Unless things have changed significantly since the last time I looked into it, lossless compression means getting out exactly the same bits you put in. Checking the Wikipedia entry for FLAC, it is still limited to "40% to 50%" of the size of the original uncompressed file, which is another way of saying 2:1 or slightly better.

This is for audio. Different types of images can be more compressible, being better suited to techniques like Run Length Encoding.

bzfgt · Nov 11, 2017

Chris DeVoe said: ↑

Unless things have changed significantly since the last time I looked into it, lossless compression means getting out exactly the same bits you put in. Checking the Wikipedia entry for FLAC, it is still limited to "40% to 50%" of the size of the original uncompressed file, which is another way of saying 2:1 or slightly better.
Click to expand...

Yes my question isn't about the current limit, but about why this cannot be surpassed.

David G. · Nov 11, 2017

bzfgt said: ↑

So I mean there are programming languages where people don't have to actually program in binary code, right? And these have more characters, whatever other differences there may be, than a binary code. So you can communicate with a computer with a richer alphabet than (1,0), so a music file should be able to, also. Isn't that right?
Click to expand...

You're confusing "language" and "data." Those are two completely separate and unrelated concepts. Computers can currently only understand ones and zeros (data). There are plenty of computer "languages" (ways of programming) but the data storage required for each one is about the same.

bzfgt · Nov 11, 2017

David G. said: ↑

You're confusing "language" and "data." Those are two completely separate and unrelated concepts. Computers can currently only understand ones and zeros (data). There are plenty of computer "languages" (ways of programming) but the data storage required for each one is about the same.
Click to expand...

Crap, OK. So my suggestion is impracticable unless computers are reinvented, basically?

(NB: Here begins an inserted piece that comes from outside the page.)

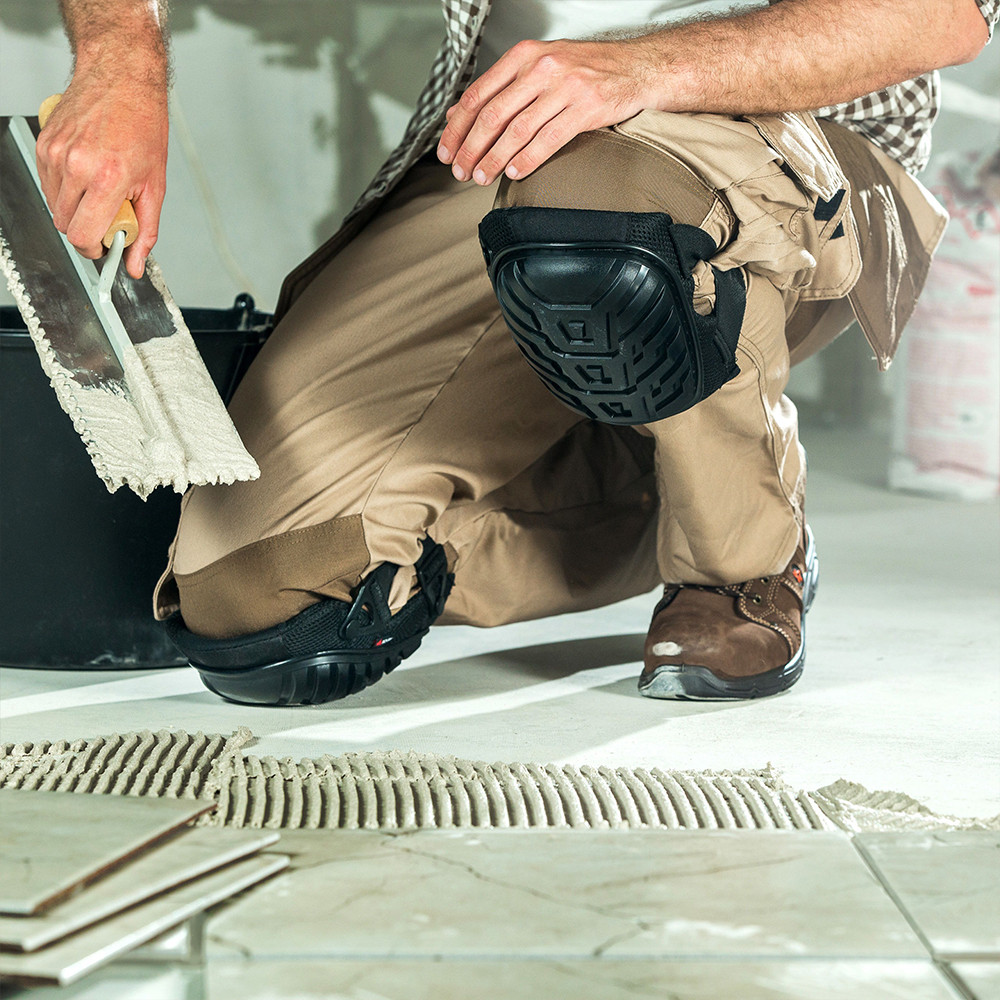 Protect yourself and your knees from injury and long-lasting
wear on the joints with the best knee pads money can buy.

Chris DeVoe · Nov 11, 2017

bzfgt said: ↑

Yes my question isn't about the current limit, but about why this cannot be surpassed.
Click to expand...

Math.

Chris DeVoe · Nov 11, 2017

bzfgt said: ↑

Crap, OK. So my suggestion is impracticable unless computers are reinvented, basically?
Click to expand...

Not even then. It wouldn't matter at all if the symbols were stored in a tercentenary format, the amount of data would remain the same.

I'm trying to remember the name of the book I read, but it was by the director of Bell Labs.

Myself, I don't care about lossless versus lossy, I only care about quality of the lossy compression algorithm. That bridge was crossed a long time ago. Nobody but professional photographers deal with uncompressed still images, and nobody but the cinematographer sees uncompressed movie images. Only in audio do people seem to care, mostly because the relatively small file size makes it possible to care. Nobody is going to download a six terabyte uncompressed copy of a film.

Jesus Jeronimo · Nov 11, 2017

This is a most entertaining thread!
Probably the answer to your question is very close to what you are proposing, since current compression algorithms already use what you call a dictionary in order to compress. This is, they will analyse all the data in a file, then look for patterns and then turn them into little "words" that take smaller space.

But the limit here relates to binary codes and math, as of today there is only so much compression which you can apply. New algorithms are being developed as we speak, but it's also true that since bandwidths and storage cost have been steadily getting better in the last 20 years, I don't we've had the need to really push the envelope in this subject.

Please, people post more about this. Very interesting.

J

qwerty · Nov 11, 2017

And remember that mp3 gets the audio file smaller because it discards audio information to make it smaller.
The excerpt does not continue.